**PROMPT**
Lines from the one containing "KIA Rio III" through the last line of the data below are to be returned exactly; leave out the rest.

**DATA FOR THE TASK**
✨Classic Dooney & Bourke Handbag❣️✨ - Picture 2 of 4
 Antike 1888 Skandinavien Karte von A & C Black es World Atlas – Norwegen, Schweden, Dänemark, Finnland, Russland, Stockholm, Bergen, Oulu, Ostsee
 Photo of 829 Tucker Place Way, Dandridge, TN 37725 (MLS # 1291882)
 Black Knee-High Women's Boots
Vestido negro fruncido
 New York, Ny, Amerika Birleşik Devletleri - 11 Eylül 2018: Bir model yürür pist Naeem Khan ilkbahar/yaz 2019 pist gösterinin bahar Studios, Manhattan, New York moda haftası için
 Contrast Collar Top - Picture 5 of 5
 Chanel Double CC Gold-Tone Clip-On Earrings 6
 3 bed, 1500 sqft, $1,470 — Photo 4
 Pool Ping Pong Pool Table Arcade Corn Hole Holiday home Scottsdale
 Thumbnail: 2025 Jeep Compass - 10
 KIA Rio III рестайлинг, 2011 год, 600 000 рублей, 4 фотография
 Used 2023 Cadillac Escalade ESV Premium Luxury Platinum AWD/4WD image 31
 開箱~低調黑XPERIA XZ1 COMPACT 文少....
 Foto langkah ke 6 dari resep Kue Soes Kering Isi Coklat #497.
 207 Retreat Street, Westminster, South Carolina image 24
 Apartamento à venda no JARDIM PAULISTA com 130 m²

**EXERCISE RESPONSE**
 KIA Rio III рестайлинг, 2011 год, 600 000 рублей, 4 фотография
 Used 2023 Cadillac Escalade ESV Premium Luxury Platinum AWD/4WD image 31
 開箱~低調黑XPERIA XZ1 COMPACT 文少....
 Foto langkah ke 6 dari resep Kue Soes Kering Isi Coklat #497.
 207 Retreat Street, Westminster, South Carolina image 24
 Apartamento à venda no JARDIM PAULISTA com 130 m²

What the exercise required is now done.